There can be no serious doubt that cities will become more liveable if these largely daytime, weekday areas become repurposed for those who prefer denser living spaces with on-tap retail and entertainment. However, that is just the ground floor. The upper floors are destined to rot for decades unless they too can be repurposed for living rather than simply shuffling papers. It's difficult but not impossible. Whether it is financially viable is another question.
The problem sets in when we note that pension funds are massively weighted to commercial property and that that weighting was always a hedge to mitigate the liabilities which are looming due to longevity and falling birth-rates.
Withdraw that safety net of rising rents underpinned by long-term migration towards city centres and a knowledge (but geographically fixed) economy and everything starts to unravel as an alarming rate.
It is overly simplistic to suggest that Tamara in Turkey will be able to step in to the breach. Just as Derek in Delhi is only able to provide a basic first-line response to customers' needs. But, AI will increasingly fill in the gaps, as it was always going to do anyway, regardless of the availability of low wage workers' availability and enthusiasm.
I don't have a hotline to the future but my guess is that localised work-pods have a future in the mid-term, providing customer service in all its guises, albeit from decentralised workspaces that are clustered around commercial centres but not dependent upon them. There are perhaps ten years in that hypothesis.

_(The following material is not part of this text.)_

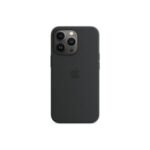 Apple Original Silicone Case For iPhone 12 Series – Magsafe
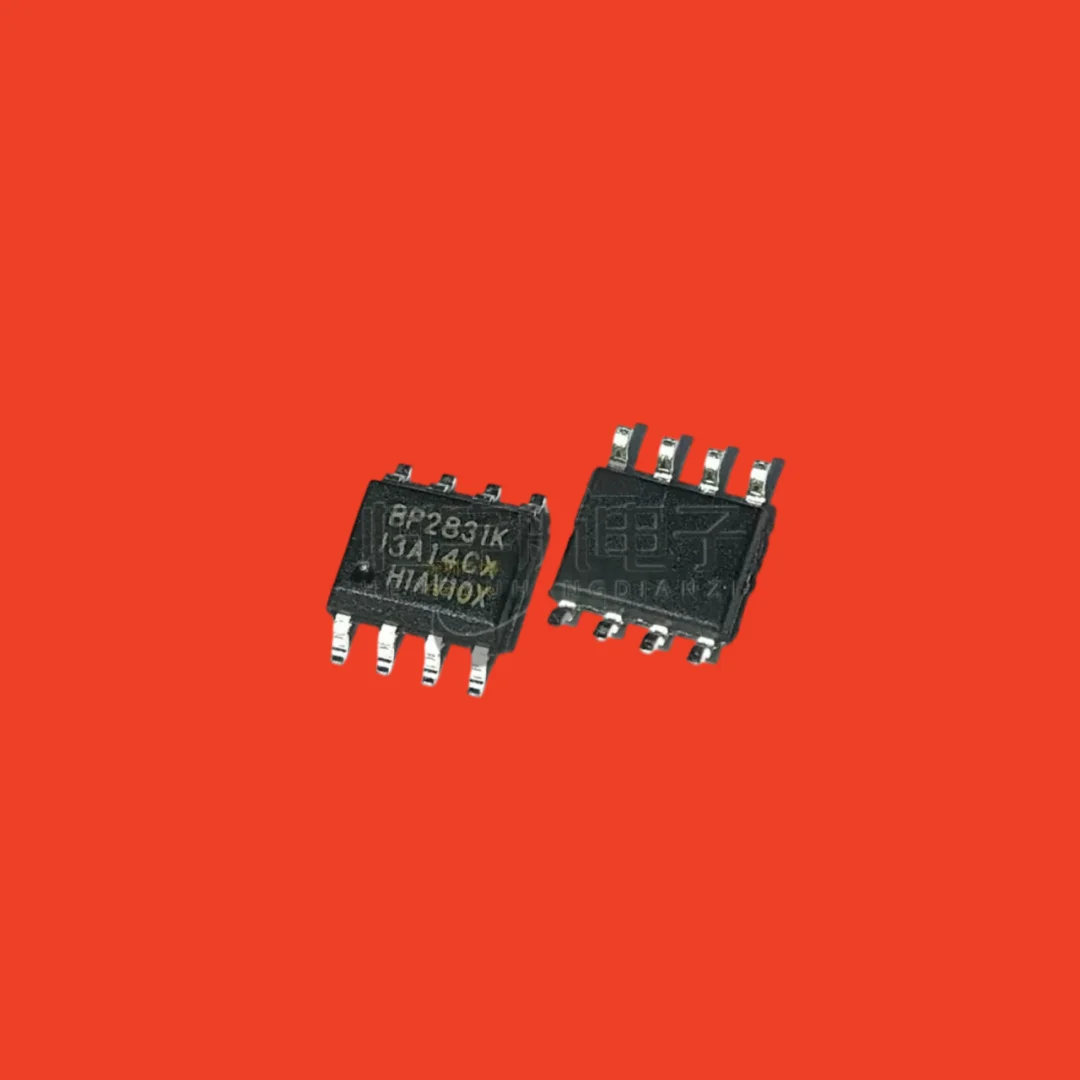10pcs/new BP2831K SOP-8 BP2831KP patch non-isolated step-down LED constant current chip IC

But, the pension fund owned tower blocks have run out of road in the most spectacularly abrupt of fashions. It is a fact which will take a year or two to dawn on the markets. Sure, they will try to innovate their way out of the impending doom but there simply isn't the demand (and by definition, the profit motive) to soak up that vast amount of available repurposed office space.
Moreover, who the hell is going to meet the pension payments for all the boomers who thought that they had it made?
A safe-as-houses future predicated upon real estate is suddenly looking horrible, isn't it?